DVD Releases: ‘The Imaginarium of Dr. Parnassus’

Dr. Parnassus (Christopher Plummer) is the oldest man alive, granted immortality in a pact with the Mr. Nick (the demonic Tom Waits) on the understanding that when his daughter Valentina (Lily Cole) reaches the age of sixteen, she will be taken by the Devil.

Parnassus spends his immortal life travelling the streets of London attempting to entertain its inhabitants, yet frequently failing even to amuse (I’m not exactly sure why – neither, it seems, is Gilliam). One typically rainy night, Parnassus and his daughter happen across a wretched figure dangling from the underside of London Bridge. Without question, they save the man, know as Tony (Heath Ledger), from hanging and adopt him into their ‘act’…and that’s where the film’s coherency ends. The remainder of the film’s narrative (and I use that term loosely) delves into Parnassus’ rich, surreal imagination by the way of a mirror, where stilettos litter the landscape, rivers become snakes and ladders strike upwards into cloud.

In case I’m putting you off, I’ll just say now – you must see this film.

Though there can be little argument that The Imaginarium of Dr. Parnassus’s fantasy sequences are at times as flabby and bloated as they are surreal and compelling (complete with slapstick humour and dancing, stocking-clad policemen), they contain more charm, invention and wit than anything seen in Tim Burton’s failed interpretation of Alice in Wonderland (2010)

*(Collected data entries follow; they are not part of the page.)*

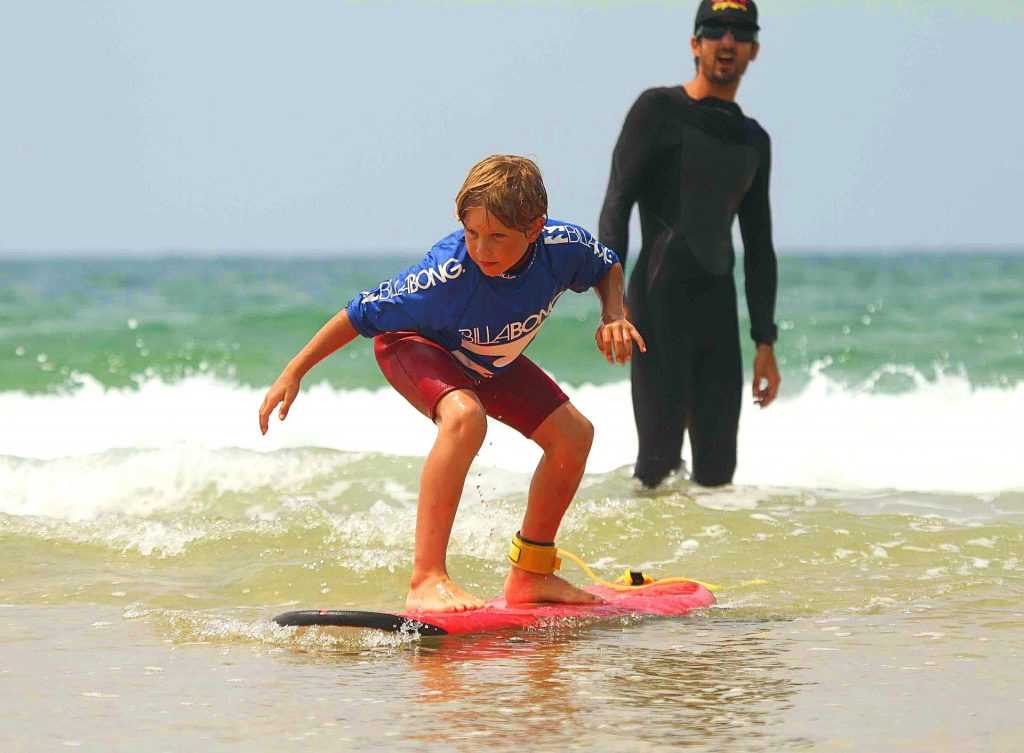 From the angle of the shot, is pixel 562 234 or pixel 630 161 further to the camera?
pixel 630 161

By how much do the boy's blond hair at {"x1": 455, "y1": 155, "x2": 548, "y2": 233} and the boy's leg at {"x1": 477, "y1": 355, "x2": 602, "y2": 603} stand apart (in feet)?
1.81

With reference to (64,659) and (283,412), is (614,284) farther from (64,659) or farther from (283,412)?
(64,659)

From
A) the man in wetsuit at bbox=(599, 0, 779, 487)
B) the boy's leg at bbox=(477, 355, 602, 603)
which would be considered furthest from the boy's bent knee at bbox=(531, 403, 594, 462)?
the man in wetsuit at bbox=(599, 0, 779, 487)

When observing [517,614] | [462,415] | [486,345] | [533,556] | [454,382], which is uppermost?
[486,345]

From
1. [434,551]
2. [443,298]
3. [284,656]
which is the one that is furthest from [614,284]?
[284,656]

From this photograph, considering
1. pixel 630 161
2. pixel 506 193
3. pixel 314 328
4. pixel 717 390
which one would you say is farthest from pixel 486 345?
pixel 314 328

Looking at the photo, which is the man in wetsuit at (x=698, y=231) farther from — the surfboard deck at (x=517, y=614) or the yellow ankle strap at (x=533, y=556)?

The London of Parnassus is saturated with the kind of magic that charmed Victorian England: street-performers with up-turned caps; crafty sleight-of-hand and the ‘double-bluff’; an old man with a painted face, suspended in meditation but not in mid-air, cross-legged on a podium of glass. The Imaginarium itself, complete with collapsible proscenium, amber stage-lamps and dark horses, rattles through contemporary London seeking out souls to save like a last, lost fragment from the era of the travelling shows.

Gilliam’s film famously gained notoriety due to the death of actor Heath Ledger during principal photography, leaving a number of scenes incomplete (which now feature high profile stand-ins from Johnny Depp, Colin Farrell and Jude Law). Yet surprisingly, the (necessary) conceit of having Ledger’s ‘Tony’ change his face when he stumbles through the mirror into Parnassus’ imagination works well, underlining the skewed nature of his character, his propensity for deception and the implicit illusion of appearance and persona.

Like Time Bandits (1981), Brazil (1985) and Twelve Monkeys (1995), Parnassus is a Terry Gilliam film to submit to, not struggle against. See it, and be surprised. Know the flaws, scratch your head and trip and fall into its blissful, anarchic confusion.